Neural Network
Implements the Spark MLlib MultiLayer Perceptron Classifier (MLPC), a feedforward neural network that consists of multiple layers of nodes in a directed graph, each layer fully connected to the next one in the network.
Information at a Glance
The Neural Network operator can be exported and used in other workflows in the same workspace.
Nodes in the input layer represent the input features. All other nodes map inputs to outputs using a linear combination of the inputs, with the node's weights (w) and bias (b). The nodes apply a nonlinear activation function depending on their types of layers: sigmoidfunction for nodes in hidden layers; softmaxfunction for nodes in the output layer.
The output layer represents the classes to predict. For learning, the model the output layer uses the backpropagation function.
Because the MLPC requires continuous features as input nodes, categorical features can be used as predictors by first applying One-Hot Encoding (converting categorical columns to columns of binary vectors with a most a single 1-value).

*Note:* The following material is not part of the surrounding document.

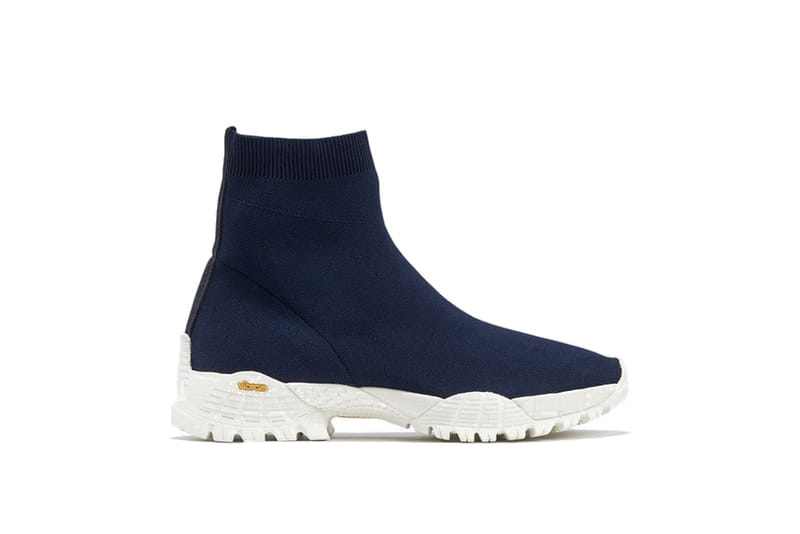 Navy hot sale sock trainers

For more information about the MLPC, see https://spark.apache.org/docs/1.6.1/ml-classification-regression.html#multilayer-perceptron-classifier and https://en.wikipedia.org/wiki/Multilayer_perceptron.
Input
An HDFS data set input, including predictor columns and a dependent column to predict.
- Bad or Missing Values
- If a row contains a null value in at least one of the independent columns or the dependent column, the row is removed from the data set. The number of null values removed can be listed in the Summary section of the output (depending on the chosen option for Write Rows Removed Due to Null Data To File).
Restrictions
If the model is exported using the Export operator to the Team Studio Model format, then this model can be loaded in other workflows in the current workspace using the Load Model operator. Scoring HDFS inputs is supported, but the model is not SQL compatible and does not score against a relational database connection.
Configuration
Parameter | Description |
---|---|
Notes | Any notes or helpful information about this operator's parameter settings. When you enter content in the Notes field, a yellow asterisk is displayed on the operator. |
Dependent Column | A dependent column that contains the label to predict. This column can be categorical or numeric (each number is considered as a distinct label). |
Columns | The columns to use as independent features to train the model. Both numeric and categorical are supported. |
Hidden Layers (Comma-Separated) | The number of hidden layers and number of neurons associated with each layer using an integer comma-separated list. (for example, "6,3" means two hidden layers with six and three neurons respectively).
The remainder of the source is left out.